そんな壮大なストーリーが、音楽だけで完結しないのも人気の秘密。アートワークやライヴ会場にストーリーを紐解くヒントをこっそり置き、ファンがネット上で情報や意見を交換しながら物語の展開を楽しめるようなプロセスが用意されている。パッケージを購入して音楽を楽しむリスナーの数が減少傾向にあるいま、彼らの試みはある部分で時代に逆行しているのかもしれない。
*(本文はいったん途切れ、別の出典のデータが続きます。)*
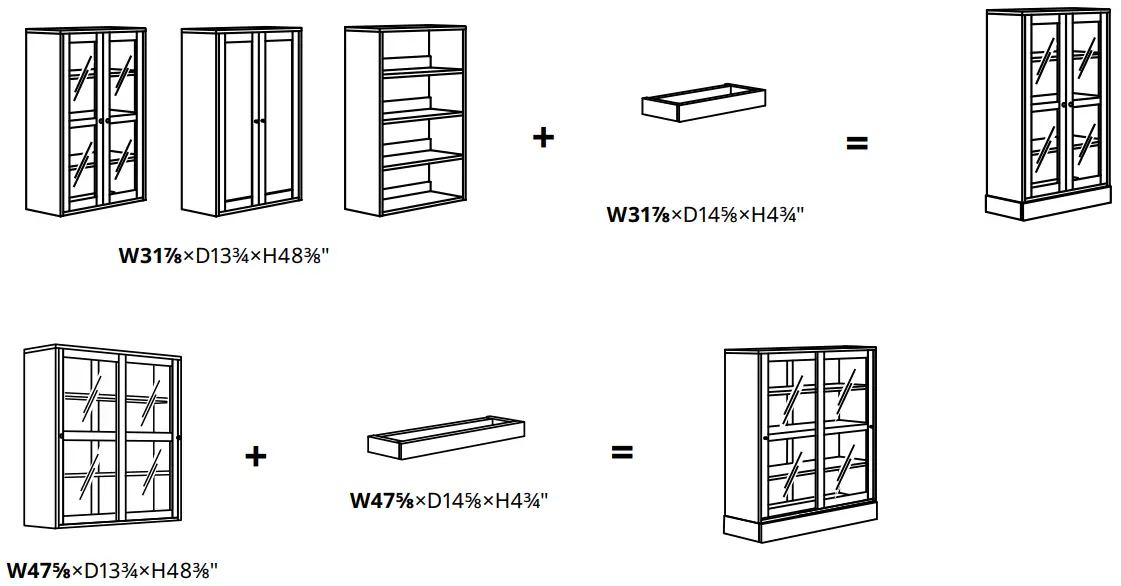 IKEA 593 861 99 HAVSTA TV Storage Combination Glass Doors - FIGURE 30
だが、このバンドを通じてCDの価値を改めて考えさせられたのは事実だし、またファン参加型の手法は、ネットの普及によりコミュニケーションが密になってきたリスナー同士の絆をより強固なものとする新たな手段として注目すべきだろう。
余談だが、2005年に結成したばかりの若手とはいえ、双子のネイサンとマシューはブランク・セオリーという、ダニエル・トレリとマテオ・カマルゴはリフォーマという前身バンドでキャリアを積んでいる。そしてマディーナ・レイク結成後、バンドの運営資金調達のためにレオン兄弟はTV番組の企画に参加。牛や豚の内臓や血を飲むなどして生死の境を彷徨った末、優勝賞金5万ドルを獲得している。そんな相当の気合を詰め込んで楽曲制作に臨んでいたからこそ、〈エモ〉というレッテルを勝手に貼られてしまったことに違和感を覚えたのも無理はない。今回、レッド・ジャンプスーツ・アパラタスやパラモアなどの〈脱エモ化〉に一役買ったデヴィッド・ベンデスにプロデュースを委ねた点からも、バンドの思いを感じ取ることはできるだろう。その結果、またしてもシカゴから比類なき個性を確立したバンドが生まれたのである。渾身の一枚『Attics To Eden』を手に、間もなく彼らが世界中を震撼させるぞ。
PROFILE
マディーナ・レイク
ネイサン・レオン(ヴォーカル)、マシュー・レオン(ベース)、マテオ・カマルゴ(ギター)、ダニエル・トレリ(ドラムス)から成る4人組。2005年初頭にシカゴで結成。同年5月、活動資金獲得のために参加したTV番組〈Fear Factor〉の双子大会でレオン兄弟が優勝を果たす。そのTV出演をきっかけに注目を浴び、2006年にファーストEP『The Disappearance Of Adalia』をリリース。ほどなくしてロードランナーと契約を結ぶ。2007年3月にファースト・アルバム『From Them, Through Us, To You』を発表。精力的なライヴ活動を通じてファン層を拡げていく。このたびセカンド・アルバム『Attics To Eden』(Roadrunner/ROADRUNNER JAPAN)を日本先行でリリースしたばかり。